(Requirement) After locating the line that contains "The Pixie Cottage # 60, Easter, Pasqua The" in the records below, write out exactly that line and each line after it through the one that contains "Diseño de baños pequeños y modernos | homify", and nothing else.

**** Listed records

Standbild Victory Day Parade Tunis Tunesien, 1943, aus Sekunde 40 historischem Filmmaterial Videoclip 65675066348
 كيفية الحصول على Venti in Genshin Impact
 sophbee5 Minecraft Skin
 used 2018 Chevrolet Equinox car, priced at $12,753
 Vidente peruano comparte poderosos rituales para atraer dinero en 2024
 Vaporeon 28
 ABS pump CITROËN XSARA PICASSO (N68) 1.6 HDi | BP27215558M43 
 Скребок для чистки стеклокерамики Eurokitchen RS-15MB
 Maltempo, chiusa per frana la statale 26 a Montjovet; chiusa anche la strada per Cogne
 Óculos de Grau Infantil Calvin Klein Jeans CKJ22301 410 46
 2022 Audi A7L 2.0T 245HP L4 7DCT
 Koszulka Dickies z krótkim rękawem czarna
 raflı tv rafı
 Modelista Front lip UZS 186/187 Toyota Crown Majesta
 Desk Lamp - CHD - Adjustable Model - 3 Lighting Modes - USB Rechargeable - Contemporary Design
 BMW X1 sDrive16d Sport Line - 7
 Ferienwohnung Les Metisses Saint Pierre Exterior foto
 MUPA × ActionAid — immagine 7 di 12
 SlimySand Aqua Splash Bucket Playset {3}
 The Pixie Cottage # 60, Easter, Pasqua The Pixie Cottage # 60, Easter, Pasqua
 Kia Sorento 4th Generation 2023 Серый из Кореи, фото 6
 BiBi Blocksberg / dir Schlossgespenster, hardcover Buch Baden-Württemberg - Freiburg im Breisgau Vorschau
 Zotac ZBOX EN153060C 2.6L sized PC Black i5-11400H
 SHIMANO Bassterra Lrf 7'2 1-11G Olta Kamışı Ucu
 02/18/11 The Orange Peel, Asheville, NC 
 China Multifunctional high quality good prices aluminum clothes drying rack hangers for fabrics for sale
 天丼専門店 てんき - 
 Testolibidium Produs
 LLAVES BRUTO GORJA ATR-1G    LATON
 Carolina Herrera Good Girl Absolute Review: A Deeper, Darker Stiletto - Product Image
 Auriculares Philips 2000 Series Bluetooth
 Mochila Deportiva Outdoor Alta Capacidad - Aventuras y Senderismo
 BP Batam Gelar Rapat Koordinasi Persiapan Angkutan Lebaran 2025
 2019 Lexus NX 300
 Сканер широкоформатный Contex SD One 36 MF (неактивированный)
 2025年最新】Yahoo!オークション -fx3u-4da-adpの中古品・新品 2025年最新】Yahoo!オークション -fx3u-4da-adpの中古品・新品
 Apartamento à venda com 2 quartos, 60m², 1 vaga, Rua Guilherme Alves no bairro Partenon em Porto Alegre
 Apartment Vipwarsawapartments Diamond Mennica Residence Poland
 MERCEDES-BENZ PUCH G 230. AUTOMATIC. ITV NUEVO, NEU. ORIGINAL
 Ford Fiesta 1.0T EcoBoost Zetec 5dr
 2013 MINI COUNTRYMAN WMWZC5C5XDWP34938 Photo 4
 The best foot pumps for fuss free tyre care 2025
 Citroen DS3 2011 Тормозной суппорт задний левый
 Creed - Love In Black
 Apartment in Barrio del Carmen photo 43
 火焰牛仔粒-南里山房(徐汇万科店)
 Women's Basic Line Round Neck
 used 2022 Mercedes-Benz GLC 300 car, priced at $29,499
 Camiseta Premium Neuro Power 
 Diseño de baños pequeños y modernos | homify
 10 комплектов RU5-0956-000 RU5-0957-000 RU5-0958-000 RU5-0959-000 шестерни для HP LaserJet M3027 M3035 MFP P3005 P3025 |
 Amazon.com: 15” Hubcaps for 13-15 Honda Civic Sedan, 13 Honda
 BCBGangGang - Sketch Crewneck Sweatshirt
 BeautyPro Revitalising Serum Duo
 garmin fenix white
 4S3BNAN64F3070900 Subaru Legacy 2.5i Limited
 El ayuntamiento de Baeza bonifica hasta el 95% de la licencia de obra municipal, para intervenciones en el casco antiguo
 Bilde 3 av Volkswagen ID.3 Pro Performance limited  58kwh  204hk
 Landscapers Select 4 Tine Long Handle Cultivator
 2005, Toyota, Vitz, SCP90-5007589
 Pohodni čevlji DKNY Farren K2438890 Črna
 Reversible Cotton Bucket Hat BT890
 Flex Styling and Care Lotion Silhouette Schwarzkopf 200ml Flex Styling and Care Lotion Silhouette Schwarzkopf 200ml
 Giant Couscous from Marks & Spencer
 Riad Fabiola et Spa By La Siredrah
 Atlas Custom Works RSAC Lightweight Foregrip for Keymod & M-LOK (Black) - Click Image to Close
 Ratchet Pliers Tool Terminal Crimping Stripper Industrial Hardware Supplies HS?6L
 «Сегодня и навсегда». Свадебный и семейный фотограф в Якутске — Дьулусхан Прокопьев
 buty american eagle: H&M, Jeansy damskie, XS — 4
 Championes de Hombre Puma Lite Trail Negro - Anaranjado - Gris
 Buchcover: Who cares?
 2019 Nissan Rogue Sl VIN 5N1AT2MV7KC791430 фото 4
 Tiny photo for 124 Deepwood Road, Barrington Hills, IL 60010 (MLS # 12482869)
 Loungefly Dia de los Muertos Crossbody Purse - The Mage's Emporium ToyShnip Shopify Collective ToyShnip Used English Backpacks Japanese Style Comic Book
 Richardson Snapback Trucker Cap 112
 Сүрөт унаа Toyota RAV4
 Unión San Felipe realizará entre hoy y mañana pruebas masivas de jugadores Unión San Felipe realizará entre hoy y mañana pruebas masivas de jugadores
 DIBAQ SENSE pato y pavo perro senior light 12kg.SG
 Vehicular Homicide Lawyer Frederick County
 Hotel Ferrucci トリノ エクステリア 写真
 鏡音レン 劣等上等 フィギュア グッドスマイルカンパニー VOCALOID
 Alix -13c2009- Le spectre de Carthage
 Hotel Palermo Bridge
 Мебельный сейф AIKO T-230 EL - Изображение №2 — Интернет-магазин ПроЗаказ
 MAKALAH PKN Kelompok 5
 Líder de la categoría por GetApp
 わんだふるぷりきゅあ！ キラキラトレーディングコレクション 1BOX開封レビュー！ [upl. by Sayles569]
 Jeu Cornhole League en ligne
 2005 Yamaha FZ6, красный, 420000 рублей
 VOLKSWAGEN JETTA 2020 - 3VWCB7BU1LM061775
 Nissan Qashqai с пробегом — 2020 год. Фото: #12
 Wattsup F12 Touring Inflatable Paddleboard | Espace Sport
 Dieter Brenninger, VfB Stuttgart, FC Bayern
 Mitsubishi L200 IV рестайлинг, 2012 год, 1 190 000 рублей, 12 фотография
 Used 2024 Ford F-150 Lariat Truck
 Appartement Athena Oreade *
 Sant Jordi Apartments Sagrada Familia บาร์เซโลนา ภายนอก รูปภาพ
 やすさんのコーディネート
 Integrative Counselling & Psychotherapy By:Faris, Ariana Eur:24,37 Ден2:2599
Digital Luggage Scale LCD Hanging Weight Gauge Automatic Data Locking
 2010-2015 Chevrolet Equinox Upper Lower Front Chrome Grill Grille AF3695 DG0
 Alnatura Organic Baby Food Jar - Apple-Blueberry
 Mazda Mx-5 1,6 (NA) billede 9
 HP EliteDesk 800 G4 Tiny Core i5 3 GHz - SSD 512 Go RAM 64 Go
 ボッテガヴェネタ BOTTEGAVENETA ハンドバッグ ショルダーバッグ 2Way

********

(Output for this exercise)
 The Pixie Cottage # 60, Easter, Pasqua The Pixie Cottage # 60, Easter, Pasqua
 Kia Sorento 4th Generation 2023 Серый из Кореи, фото 6
 BiBi Blocksberg / dir Schlossgespenster, hardcover Buch Baden-Württemberg - Freiburg im Breisgau Vorschau
 Zotac ZBOX EN153060C 2.6L sized PC Black i5-11400H
 SHIMANO Bassterra Lrf 7'2 1-11G Olta Kamışı Ucu
 02/18/11 The Orange Peel, Asheville, NC 
 China Multifunctional high quality good prices aluminum clothes drying rack hangers for fabrics for sale
 天丼専門店 てんき - 
 Testolibidium Produs
 LLAVES BRUTO GORJA ATR-1G    LATON
 Carolina Herrera Good Girl Absolute Review: A Deeper, Darker Stiletto - Product Image
 Auriculares Philips 2000 Series Bluetooth
 Mochila Deportiva Outdoor Alta Capacidad - Aventuras y Senderismo
 BP Batam Gelar Rapat Koordinasi Persiapan Angkutan Lebaran 2025
 2019 Lexus NX 300
 Сканер широкоформатный Contex SD One 36 MF (неактивированный)
 2025年最新】Yahoo!オークション -fx3u-4da-adpの中古品・新品 2025年最新】Yahoo!オークション -fx3u-4da-adpの中古品・新品
 Apartamento à venda com 2 quartos, 60m², 1 vaga, Rua Guilherme Alves no bairro Partenon em Porto Alegre
 Apartment Vipwarsawapartments Diamond Mennica Residence Poland
 MERCEDES-BENZ PUCH G 230. AUTOMATIC. ITV NUEVO, NEU. ORIGINAL
 Ford Fiesta 1.0T EcoBoost Zetec 5dr
 2013 MINI COUNTRYMAN WMWZC5C5XDWP34938 Photo 4
 The best foot pumps for fuss free tyre care 2025
 Citroen DS3 2011 Тормозной суппорт задний левый
 Creed - Love In Black
 Apartment in Barrio del Carmen photo 43
 火焰牛仔粒-南里山房(徐汇万科店)
 Women's Basic Line Round Neck
 used 2022 Mercedes-Benz GLC 300 car, priced at $29,499
 Camiseta Premium Neuro Power 
 Diseño de baños pequeños y modernos | homify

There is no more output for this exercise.